Clair Rees

Clair Rees is Executive Director of the charity Parent Infant Partnership (UK) and a Parliamentary Early Years Adviser. 

What do you think should be the first priority for our nation’s wellbeing? Parity of esteem between physical and mental health? Addressing health inequalities? Social mobility? Breaking cycles of deprivation, inequality and poverty? I guess some people might consider these and add some of their own preferences. So let me add one that is pivotal to the vision and mission of Parent Infant Partnership (UK): every baby deserves to have the best possible start in life through a secure bond in their earliest relationship.

A secure bond is enabled through the quality of interactions between a baby and their caregiver. Through relationship formation in our earliest relationships lies the elixir for healthy relationships throughout the lifespan, supported by the village it takes to raise a child and support a family.

Without healthy relationships, society crumbles. Healthy relationships are not just a necessity for survival but a catalyst for growth in family and community life. Healthy relationships provide a nurturing environment in which to learn and develop skills necessary for good citizenship and ingenuity in the wider world.

The concept of a family hub needs to be rooted in relational philosophy, policy and evidence-based practice, in a framework which has at its core the vision of the 1001 Critical Days: the importance of the conception to age two period.

Andrea Leadsom MP – founding pioneer of Parent Infant Partnership (UK), and the key Conservative politician to bring the cross-party manifesto of the 1001 Critical Days vision to the forefront – absolutely knows that the key to our nation’s wellbeing and future potential can be unlocked through the wellbeing of babies, who are our future.

In the concept of children’s centres, Andrea saw the potential to refocus their vision with an emphasis on a under-twos strategy. Not because an early intervention lifespan approach is unnecessary, but because overwhelming research from economics and science shows that the conception to age two period is a window of opportunity to transform life chances for children and future generations.

Prioritising a universal, holistic and seamless perinatal strategy at the beginning of any family hub model that may be decided upon in the future will only strengthen life chances at every other stage beyond two years old. Children’s centres if they become re-branded as a family hub and gain statutory footing, have an opportunity to implement this vision where every baby can have the best possible start in life.

We know that when babies have the opportunity to thrive within the experience of their earliest relationships, the strong social and emotional foundation which is laid at this critical window of early childhood development has an extraordinary impact upon every other life stage.

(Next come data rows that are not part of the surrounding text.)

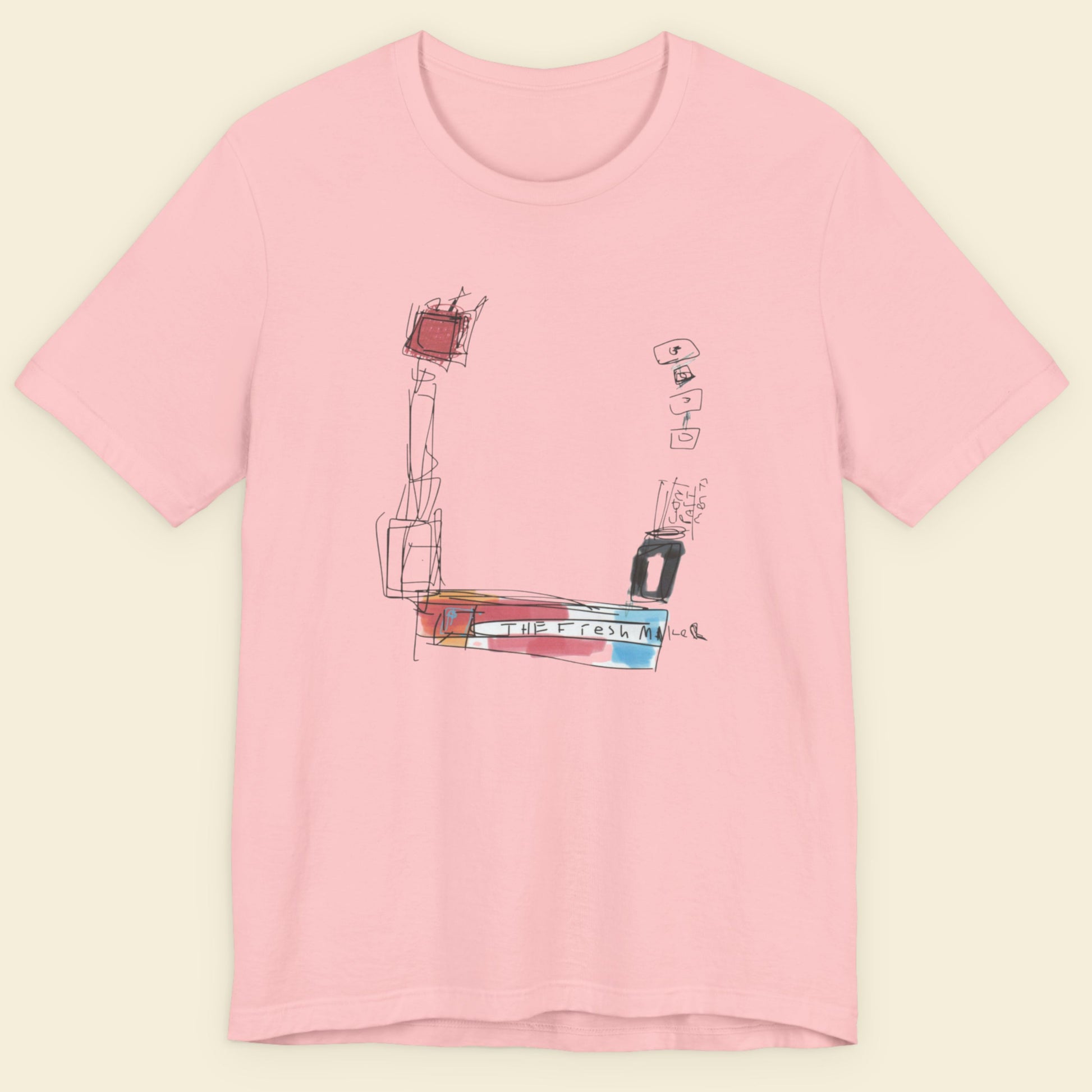 Pink t-shirt with a colorful abstract drawing on a beige background.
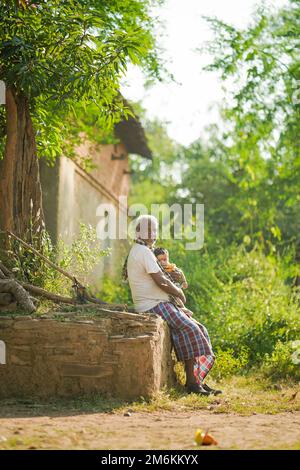 NOVEMBER 15 2022, KACHANDA, CHHATTISGARH, INDIA: Grandfather holding grandson in indian village and sitting under the tree in morning sunlight. Grandf Stock Photo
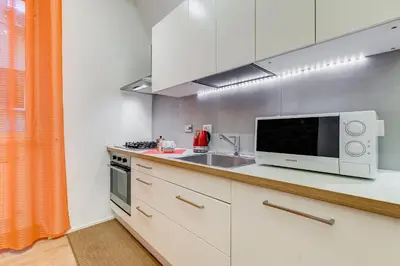 a kitchen with white cabinets and a microwave and a sink at TRASTEVERE SUITE EXPERIENCE in Rome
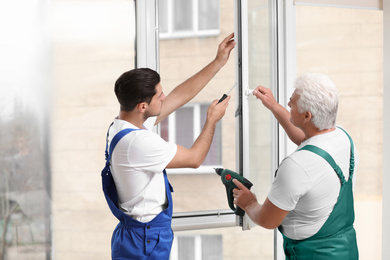 Construction workers repairing plastic window with screwdriver indoors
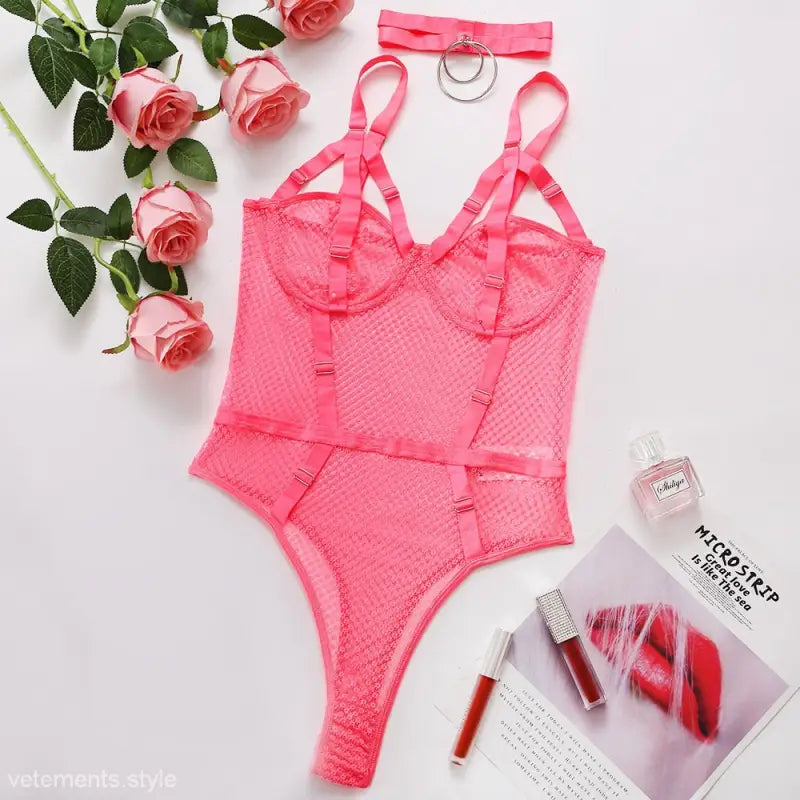 Pink lace bodysuit featuring adjustable straps and high-cut leg design for a sexy fishnet teddy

The flip side of the coin, when a low prioritisation is given to a universal, seamless and holistic approach in the perinatal period, can be seen in devastating statistics:

  • 26 per cent of babies in the UK have a parent affected by domestic violence, mental health or substance misuse
  • Domestic violence affects 39,000 babies
  • Mental health problems affect 144,000 babies
  • Substance misuse affects 109,000 babies
  • 36 per cent of serious case reviews into deaths or serious abuse involve a child under one
  • Depression and anxiety affect 10-15 out of every 1001 pregnant women
  • Over a third of domestic violence begins in pregnancy
  • Post-traumatic stress disorder (PTSD) occurs in about 8 per cent of pregnant women
  • One million children in the UK suffer from the type of problems (including ADHD, conduct disorder, emotional problems and vulnerabilities to chronic illness) that are increased by antenatal depression, anxiety and stress
  • Suicide is the leading cause of death for women during pregnancy and in the year after giving birth
  • Earlier this year, only 3 per cent of local areas had a perinatal mental health strategy

If the philosophy underpinning the vision, policy and practice of a family hub is to give every baby the best possible start in life, the above statistics should cause a serious shake-up in the policy-making process around the under-twos and what impact this is having on some of society’s youngest and most vulnerable citizens, babies – our future.

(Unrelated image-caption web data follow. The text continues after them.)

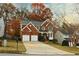 Charming two-story brick home featuring a two-car garage and a well-manicured front yard with mature trees at 912 Tanners Point Dr, Lawrenceville, GA 30044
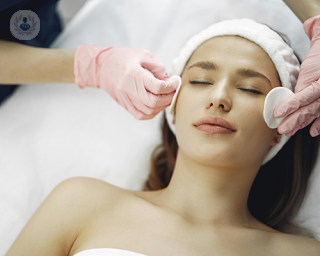 A young woman at an aesthetic medicine centre, preparing to undergo a chemical peel laser treatment. 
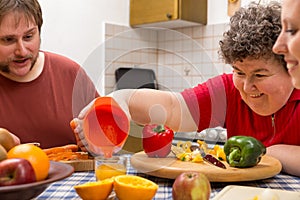 Mentally disabled woman and two caretakers cooking together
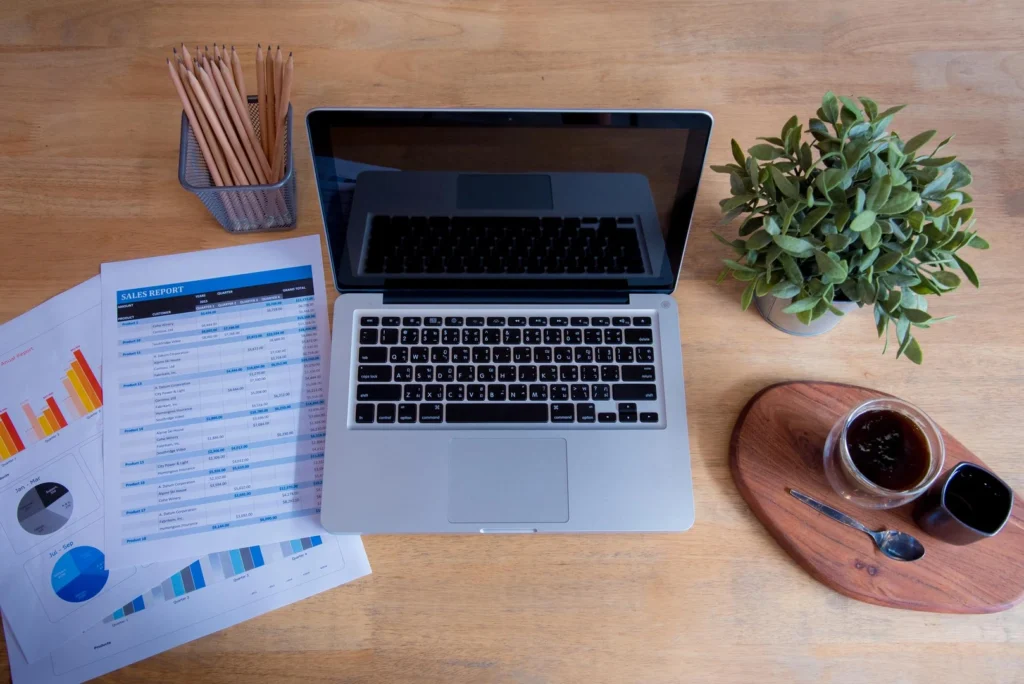 Office laptop business financial document chart and graph on wooden table with coffee cup Flat lay notebook computer laptop o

The 1001 Critical Days manifesto outlines a number of key recommendations to shape the concept of a family hub and its perinatal strategy.

Acting to improve the first 1001 Critical Days of a child’s life is a worthy goal that deserves all of our attention. For a broad vision and the investment needed to truly realise the vision of giving every baby the best possible start in life, a long term, cross-party and protected budget approach is required. A cultural shift in everyone’s thinking around the importance of babies is pivotal to realise this vision.

There are three top policy developments in the 1001 perinatal ‘wish list’ which would have significant impact and outcomes, to give every baby the best possible start in life whilst allowing time for a comprehensive strategic plan for family hubs to be undertaken:

  • Every pregnant woman to be offered an antenatal physical and mental health assessment
  • Birth registration to be offered in every children’s centre – 100 per cent parental engagement
  • Vital data sharing amongst front line professionals.